WORK TO BE COMPLETED: All lines in the material with the string "Office" should be listed.

RECORDS FOR THIS TASK:
________________________

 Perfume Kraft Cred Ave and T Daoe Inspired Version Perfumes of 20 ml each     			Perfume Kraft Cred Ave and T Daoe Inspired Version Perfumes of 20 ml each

________________________

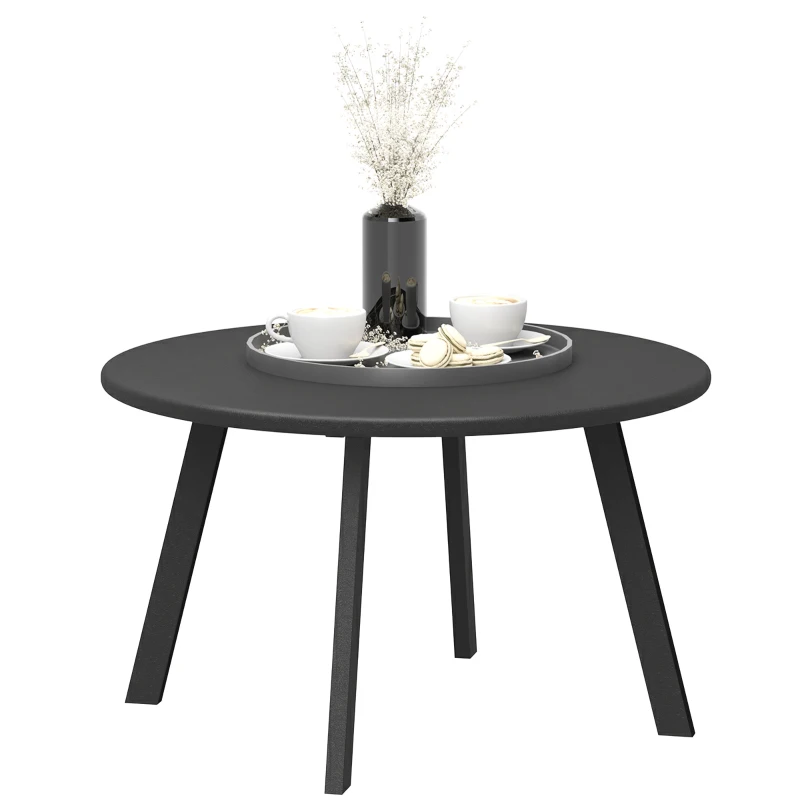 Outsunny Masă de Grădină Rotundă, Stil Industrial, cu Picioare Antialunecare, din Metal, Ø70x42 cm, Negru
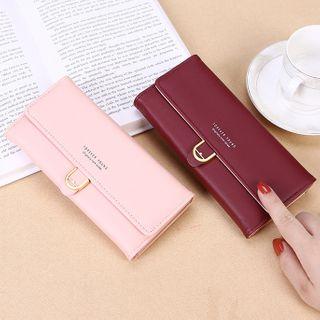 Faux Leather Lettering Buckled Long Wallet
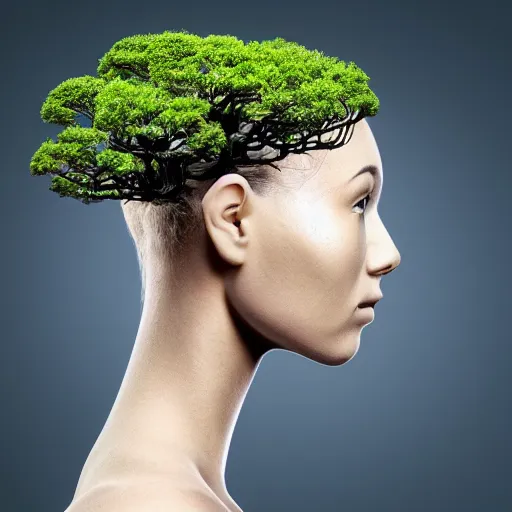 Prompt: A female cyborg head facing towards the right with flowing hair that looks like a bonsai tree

________________________

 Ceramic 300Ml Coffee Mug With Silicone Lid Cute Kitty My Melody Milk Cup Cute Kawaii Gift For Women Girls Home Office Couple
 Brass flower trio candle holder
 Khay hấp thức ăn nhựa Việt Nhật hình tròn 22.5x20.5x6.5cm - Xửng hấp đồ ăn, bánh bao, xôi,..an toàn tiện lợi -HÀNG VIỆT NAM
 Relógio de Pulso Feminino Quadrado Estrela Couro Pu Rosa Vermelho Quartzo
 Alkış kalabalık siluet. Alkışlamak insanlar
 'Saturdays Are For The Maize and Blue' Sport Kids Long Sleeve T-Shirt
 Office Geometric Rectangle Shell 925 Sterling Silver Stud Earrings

________________________

RESPONSE BOX:
 Ceramic 300Ml Coffee Mug With Silicone Lid Cute Kitty My Melody Milk Cup Cute Kawaii Gift For Women Girls Home Office Couple
 Office Geometric Rectangle Shell 925 Sterling Silver Stud Earrings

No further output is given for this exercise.